PARACHUTE – Dani Gonzales, a 15-year-old sophomore at Grand Valley High School, believes all girls should feel like princesses.”It’s really hard to feel like a princess when you’re in the hospital and going through a horrible disease,” Gonzales said. “I know.”Gonzales, who has colitis, won the Local Hero award and an all-expenses-paid trip to New York from the Crohn’s and Colitis Foundation of America for developing the Princess Club.She went with her mother and older brother to the Big Apple on Nov. 18. They saw the sights, and Gonzales brought an audience of donors to tears with a speech about her experience.Gonzales, this year’s Miss Garfield County, has worn her crown and sash into a hospital twice to present young women with a crown and sash of their own. The purpose of Gonzales’ Princess Club, she said, is to help other girls with chronic illnesses regain their self-confidence.”After I was diagnosed, my self-esteem was so gone, I hated leaving the house,” Gonzales said. “One day I decided I would have to step it up and do new things.”Gonzales explained her disease as she sat comfortably on the couch in her Battlement Mesa home, wearing athletic shorts and a Crohn’s and Colitis Foundation of America T-shirt with the sleeves rolled up on her shoulders. She’d just gotten home from cheerleading practice.Her mother, grandmother and best friend listened from the kitchen table as Gonzales explained that she was diagnosed with colitis almost exactly two years ago. Her mother, Mary Moore, who is also a Post Independent columnist, said remission has just brought Gonzales some relief within the last month and a half. Colitis is a genetic auto-immune disorder for which there is no cure. The disease attacks the digestive system. Symptoms can include persistent diarrhea, abdominal pain or cramps, rectal bleeding, fever and weight loss.

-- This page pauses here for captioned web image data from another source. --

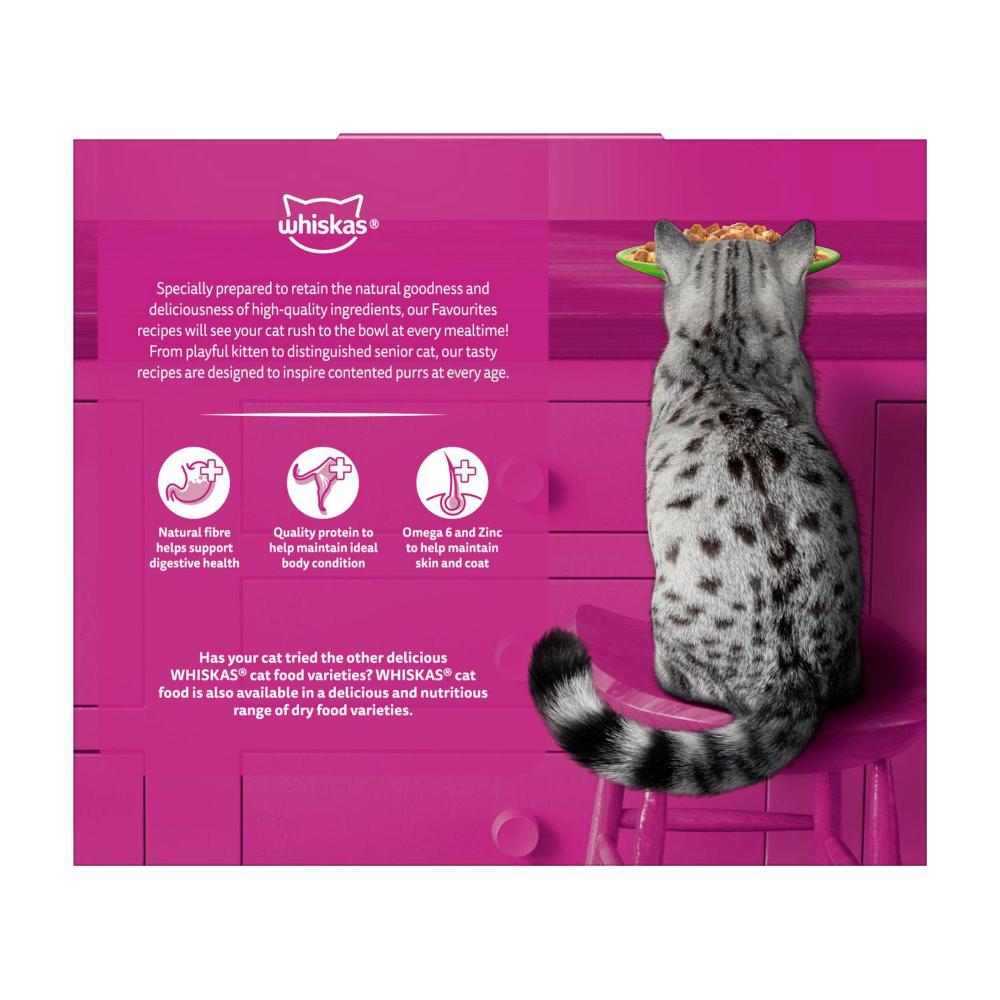 Whiskas Adult 1 + Years Wet Cat Food Mixed Favourites In Jelly 12x85g Pouches - 12 pack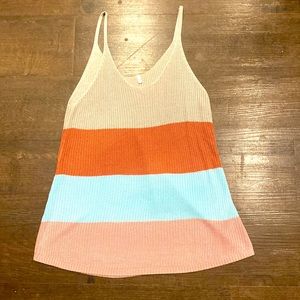 Brand new, never worn, color block sweater tank.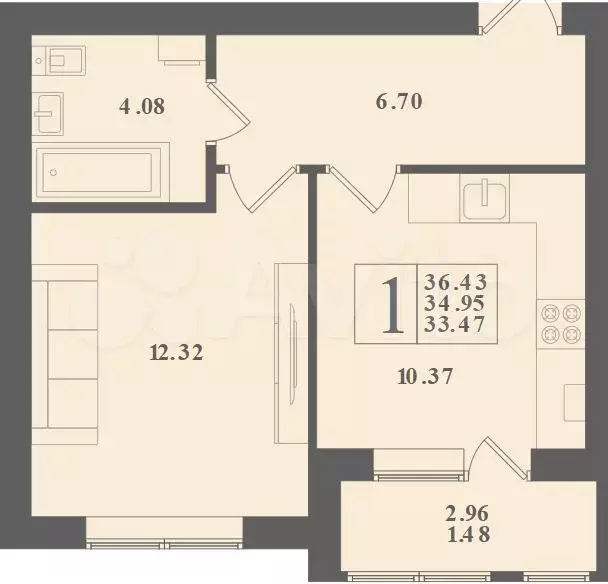 1-к. квартира, 36,4 м, 4/4 эт. - Фото 1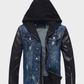 Mens Hooded Leather Denim Jacket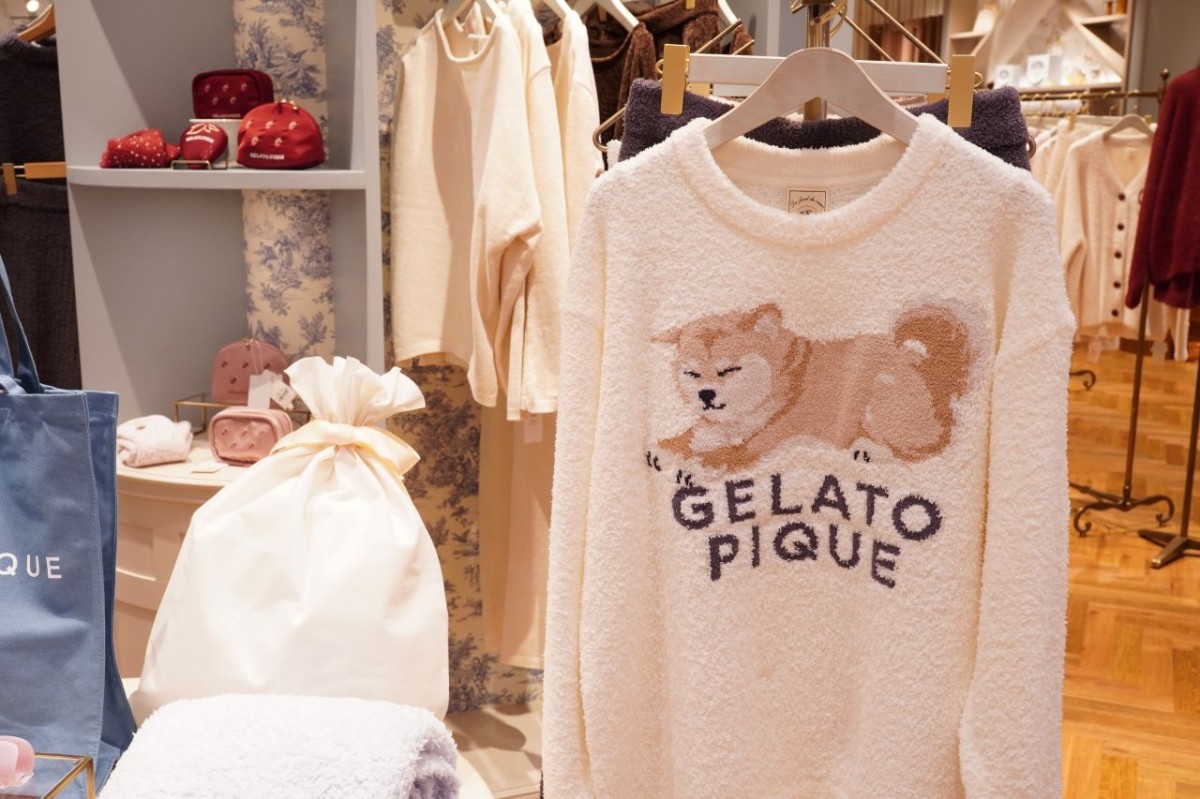 ジェラート ピケの松江店オープン限定、柴犬モチーフのプルオーバーとロングパンツのセット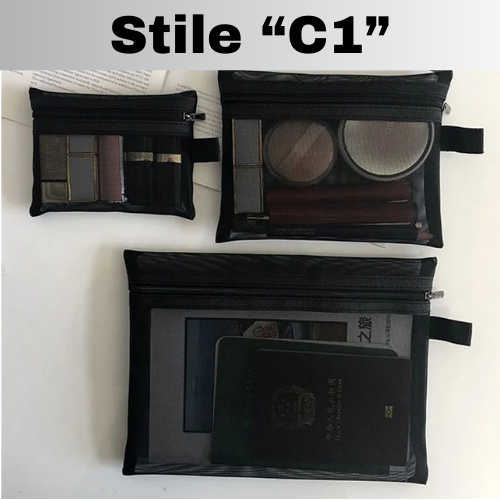 Beauty Case Organizer da Viaggio per Trucco e Articoli da Toeletta – Borse per Cosmetici Trasparenti in Rete, Disponibile in 3 Misure.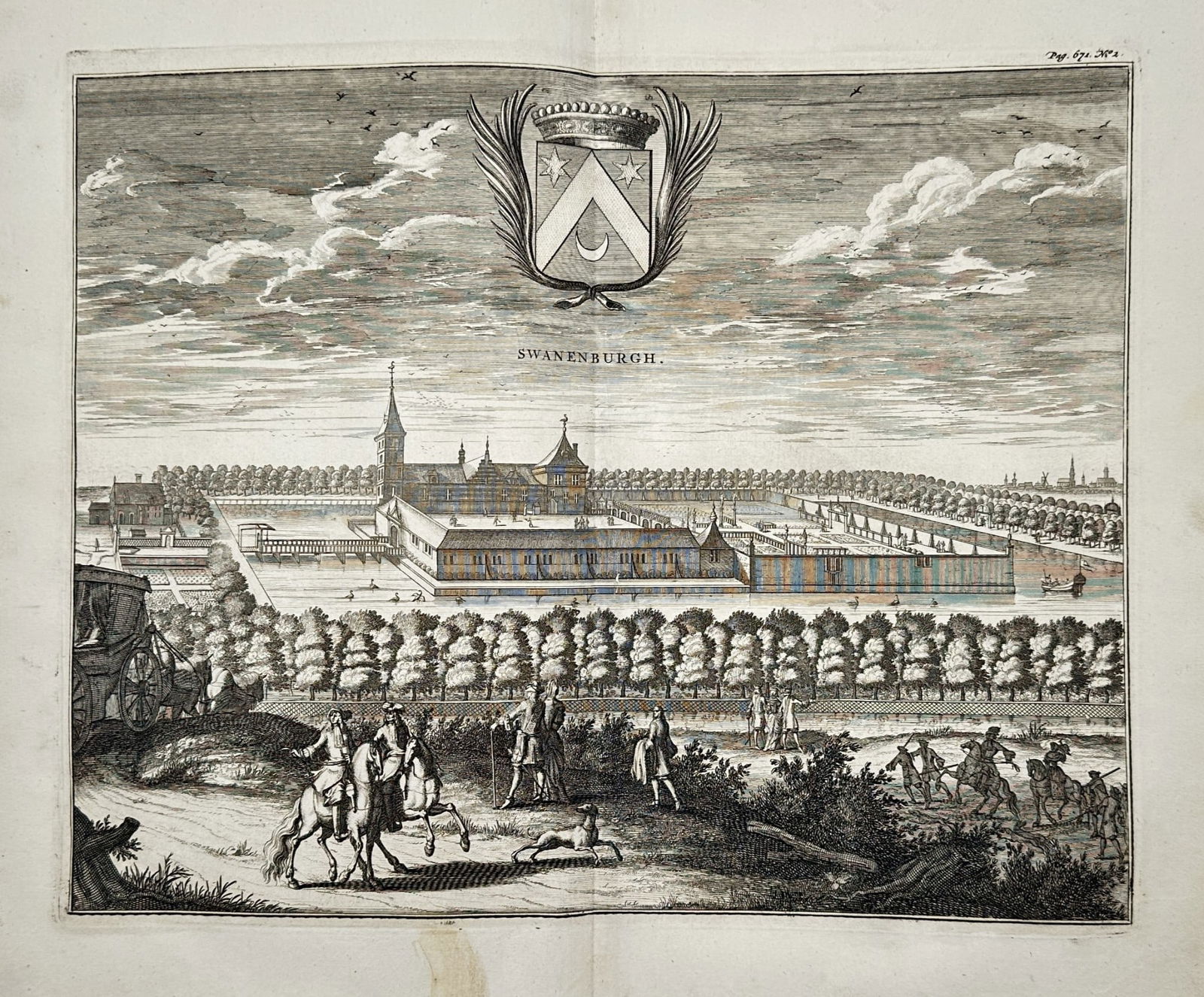 Mattheus Smallegange (1624–1710) – View of the House Swanenburgh – etching (1 of 2)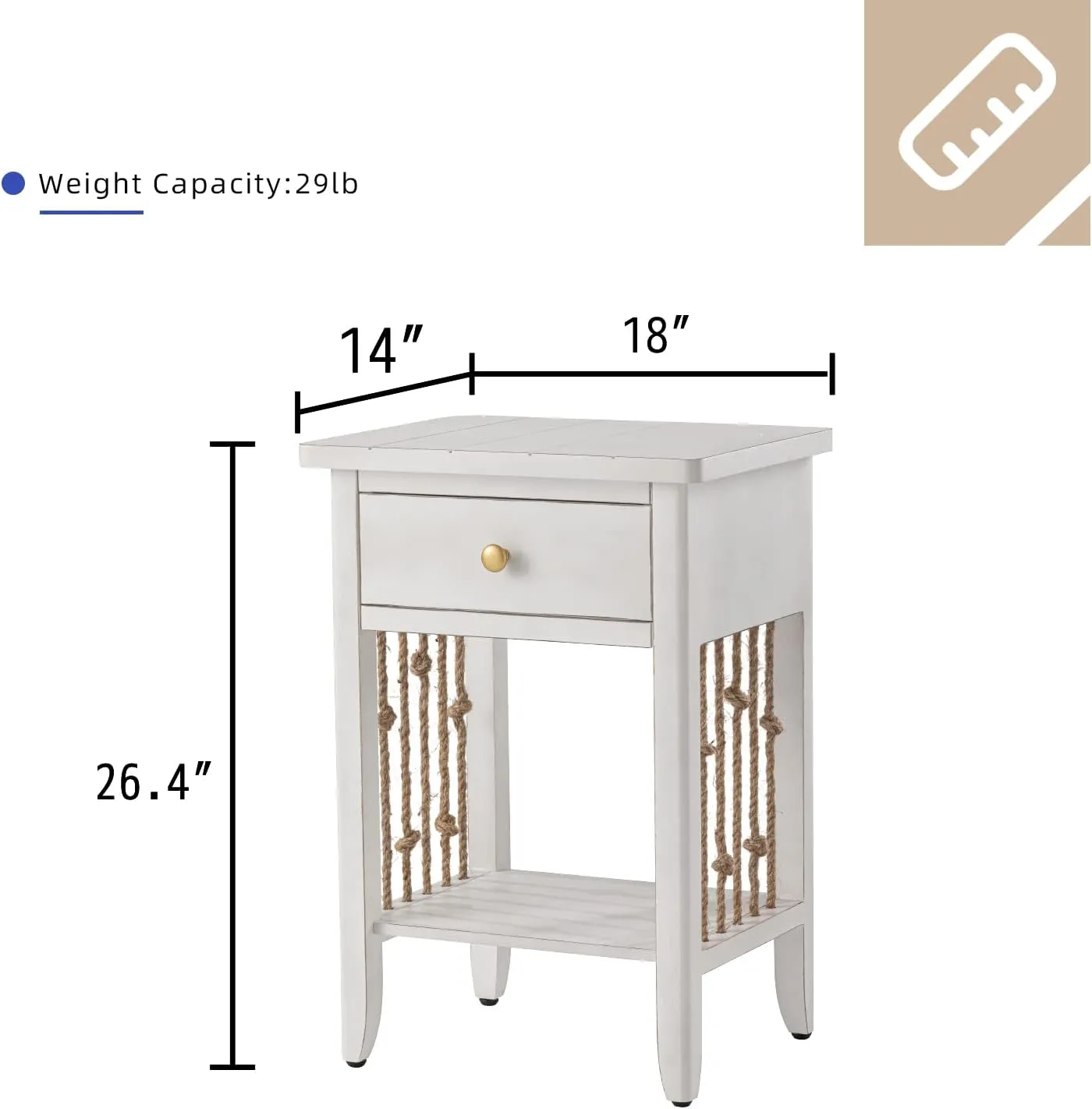 HOMPUS Nightstand with Drawer White Bedside Table with Storage Shelf MDF Board Wooden Small End Table Living Room Vintage Hemp Rope Accent Furniture for Bedroom(White, 1 Drawer&1 Tier Shelf)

“It’s an embarrassing disease,” Gonzales said. “Anyone who has it will tell you that. When people at school ask me about it, I tell them that my colon is basically attacking itself.”Gonzales said the disease has been with her all her life, as it is with everyone who has it, but she didn’t discover it until there was a major flare-up when she was in eighth grade.It was the week before she planned to go snowboarding with her brother at Sunlight Mountain Resort. The doctors first suggested she could have an eating disorder. When they finally diagnosed Gonzales with colitis, she didn’t have much blood left in her system.”It was a really close call,” Gonzales said. “We were going to go to Denver that weekend with my grandma, and they said I had so little blood that going over the passes I would have bottomed out.”After diagnosis, Gonzales was transported to Denver where she spent a week in the hospital.”I was really scared,” Gonzales said. “It was the first time I’d ever been in the hospital. But it was probably really good being in the hospital because my mom got to sleep for a night. Before, she was so worried I would bottom out in my sleep, that she’d stay up.”When she could, Gonzales returned to school. But things weren’t the same. Doctors told her she would have to stop running track and she would have to stop playing hockey.”That was really hard,” Gonzales said. “My family is a real hockey family. We all love it, and I was supposed to start playing for (a team) in Glenwood.”For a while Gonzales didn’t do much. She was an athlete and a self-proclaimed tom boy. The disease got in her way. Then her sister, Charlene Mead, urged her to participate in the Miss Garfield County pageant.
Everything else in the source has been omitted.